É no campo económico o seu ponto mais fraco, começando pela absurda insistência em confundir a crise global em que nos inserimos com a crise estrutural portuguesa, para terminar num novo modelo económico assente nas exportações (o que exporta o Governo?).
Numa altura em que os melhores economistas do mundo afirmam (e praticam) que é a possibilidade dos Estados admitirem temporariamente mais défice e dívida a ferramenta que destingue esta crise duma depressão como a que ocorreu em 1929, o PSD insiste em cilindrar toda e qualquer visão em nome das contas em dia. É claro que as contas têm de ser postas em dia, mas isso é um caminho, deve ser visto como uma tendência com o seu peso (não a qualquer custo) sobre a acção governativa.

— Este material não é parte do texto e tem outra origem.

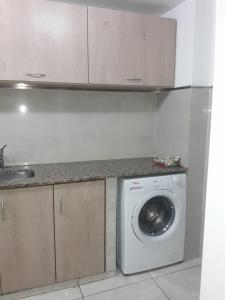 eine Waschmaschine in einer Küche mit einer Theke in der Unterkunft Apartamentos Naomi in El Carmen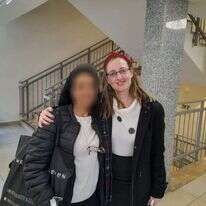 ח' ששוחררה בחודש ינואר עם עורכת הדין תמר אודברג. | יד לאישה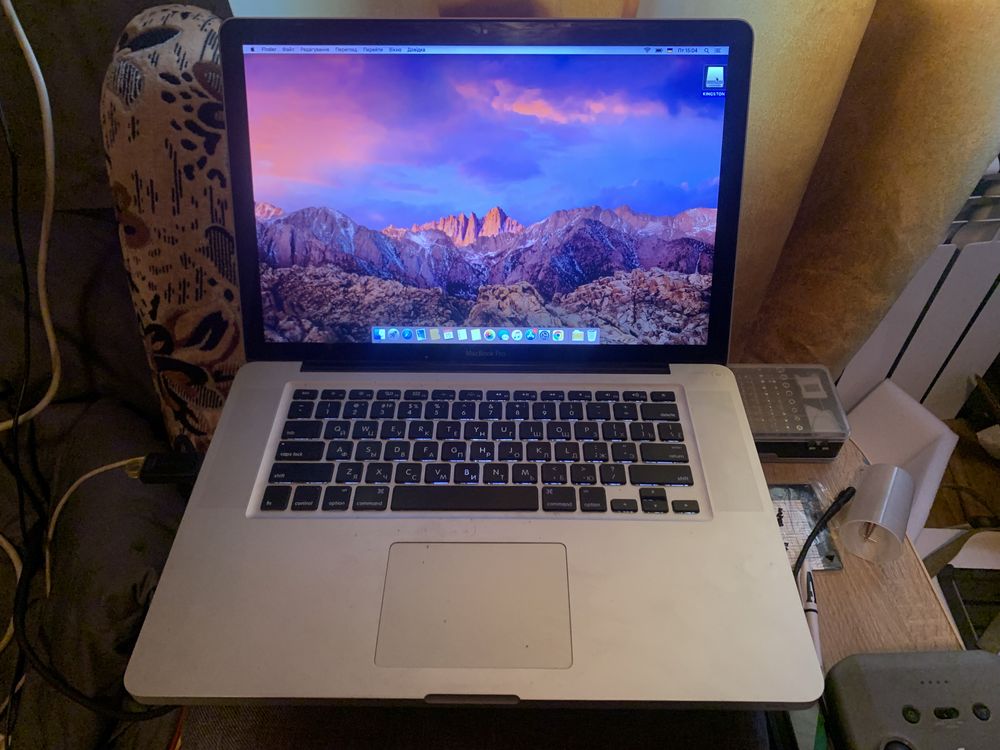 MacBook PRO 15, Core i7, 8гб RAM, металевий, ЖИВА батарея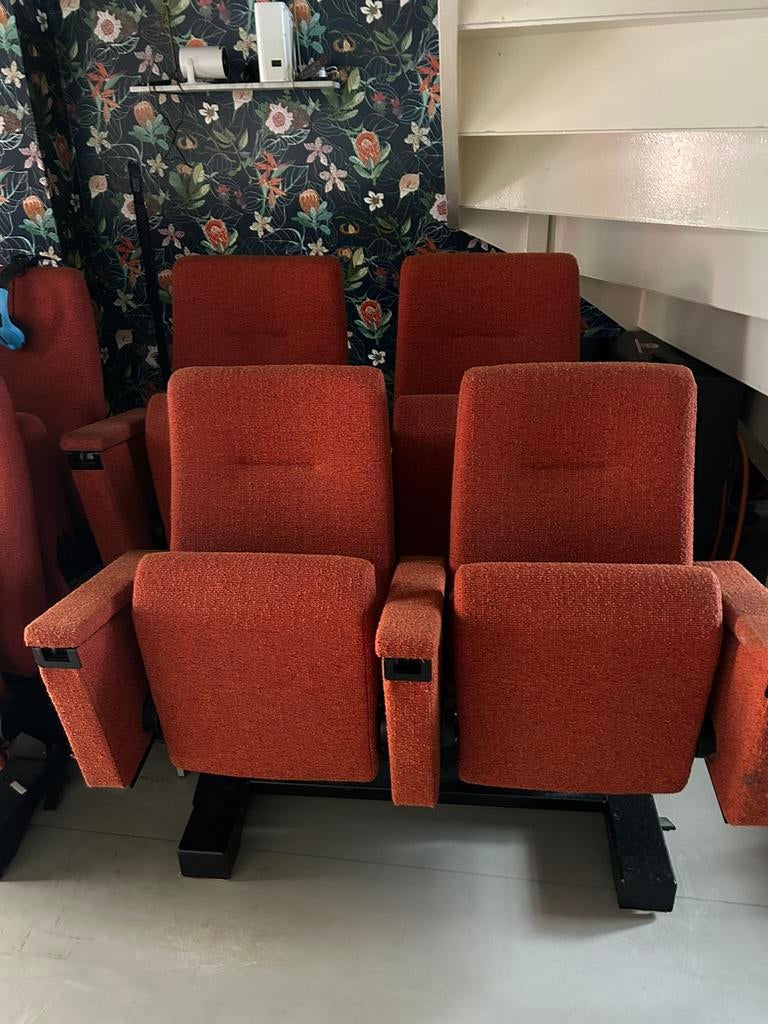 Bioscoop stoelen . (Oud rheater uit rotterdam), Ophalen, Gebruikt, 75 tot 100 cm, Stof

Viveu-se em Portugal, durante 48 anos, uma visão exclusivista de "contas em dia", que deixou o país atrasar-se em quase todos os domínios estratégicos, do investimento às infra-estruturas que o teriam deixado melhor preparado quer para a entrada na Europa quer para a globalização com que hoje se debate.

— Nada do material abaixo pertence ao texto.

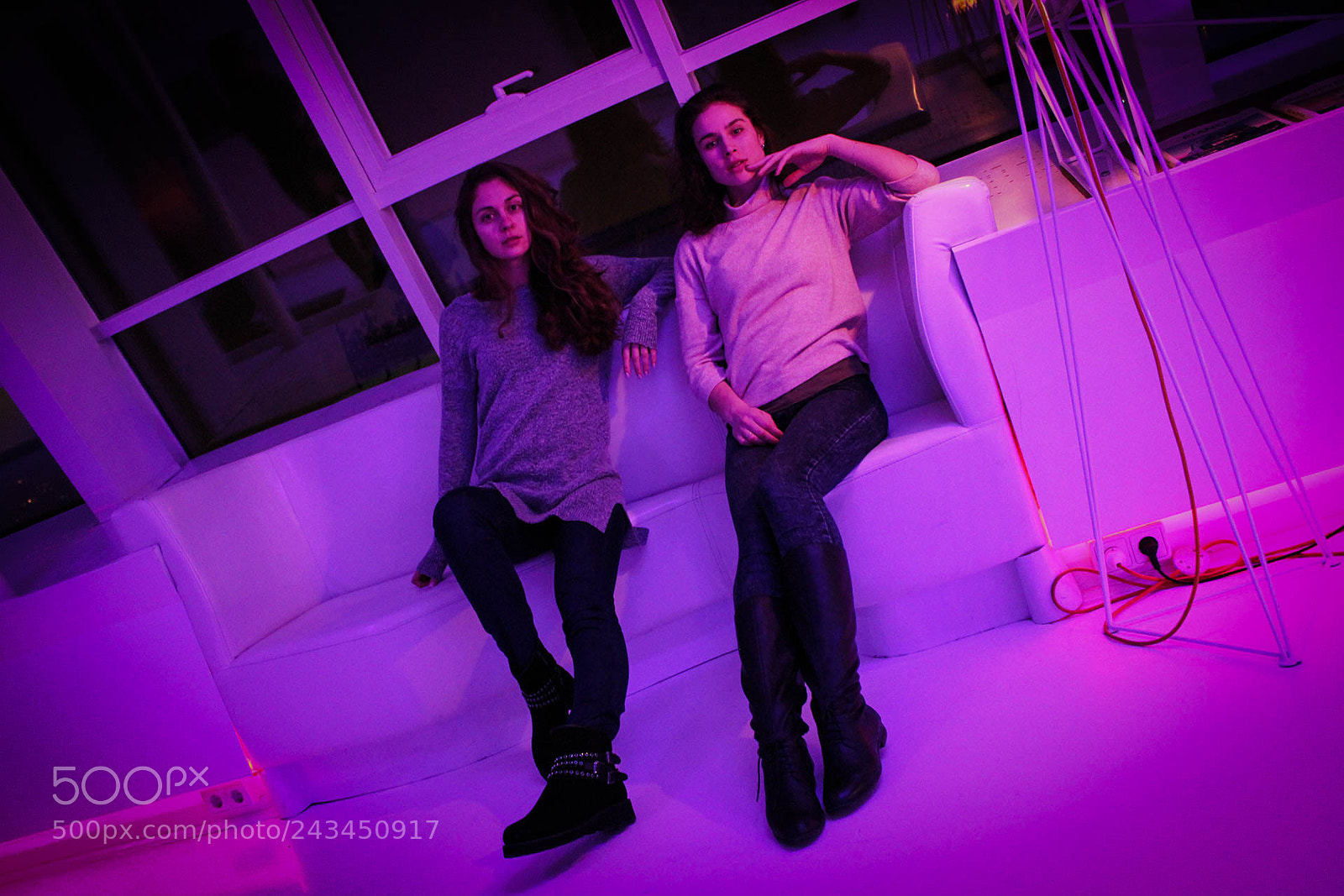Canon EOS 550D (EOS Rebel T2i / EOS Kiss X4) sample photo. Pink lights photography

Também nessa altura, a visão de Portugal no mundo era essencialmente inexistente, isolada, esmagada pela máscara das "contas em dia", de país "pobrezinho mas honrado".

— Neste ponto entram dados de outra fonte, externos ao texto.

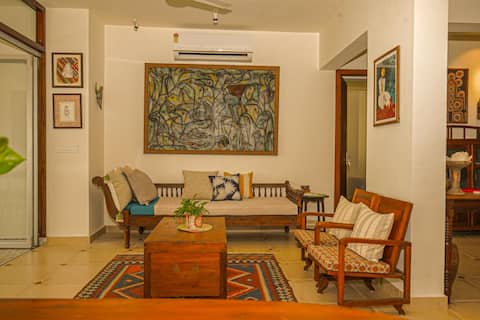 Stunning Art filled / Water View apt in Kochi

Falta ao PSD perceber que governar o país é muito diferente de gerir uma empresa - embora seja verdade que existam semelhanças nalguns aspectos.
Essa falta de aposta, de visão e leitura estratégica de quase meio século veio a ter o peso social que conhecemos (e também económico, pois tivémos de pagar mais tarde e mais caro as infra-estruturas de transportes, de saúde, de educação, que antes pouco tínhamos).
O desenvolvimento é uma responsabilidade inter-geracional; a dívida é uma parte integrante da gestão, quer do Estado, quer das empresas.
A questão crucial é pois tão somente enveredar por um desenvolvimento que, sendo-nos necessário, não entre na insustentabilidade. E o limite desse caminho é traçado pela aposta estratégica, que o programa do PSD não faz.
É desolador, e demagógico, identificar uma mudança de paradigma do motor económico para apontar as exportações. As exportações podem ser um resultado, não são um meio, um caminho, uma estratégia que o Governo possa accionar, ou até um modelo realista que possa ser exclusivo para a geração de crescimento económico e bem-estar.
Para além disto, estou em total desacordo com a intenção (discreta, mas presente) de encetar o caminho da privatização da Saúde e das Pensões, ou seja, o caminho de desmantelamento progressivo do Estado Social, em vez de pugnar pela melhor eficiência da gestão pública, estabelecendo as condições necessárias para a saudável co-existência com prestadores privados nessas duas áreas, em papel complementar.
Não é preciso dar cabo dos sistemas públicos - que de resto têm vindo a melhorar, vd. listas de espera - para criar oportunidades de negócio aos privados mas, se a escolha do PSD é encetar o desmantelamento desses serviços públicos em benefício dos privados, então esqueçam as exportações, porque o que vai acontecer será a corrida dos privados a essa última árvore de patacas.
Este ponto (dirigismo na privatização da Saúde e das Pensões) e o anterior (o simplismo de encarar as exportações como novo "modelo") - omissos quanto ao "como", revelam uma fragilidade estratégica enorme, falta de visão, e a intenção de encetar novos experimentalismos arriscados, que nesta altura tenho de considerar mais megalómanos - e perigosos - do que o TGV.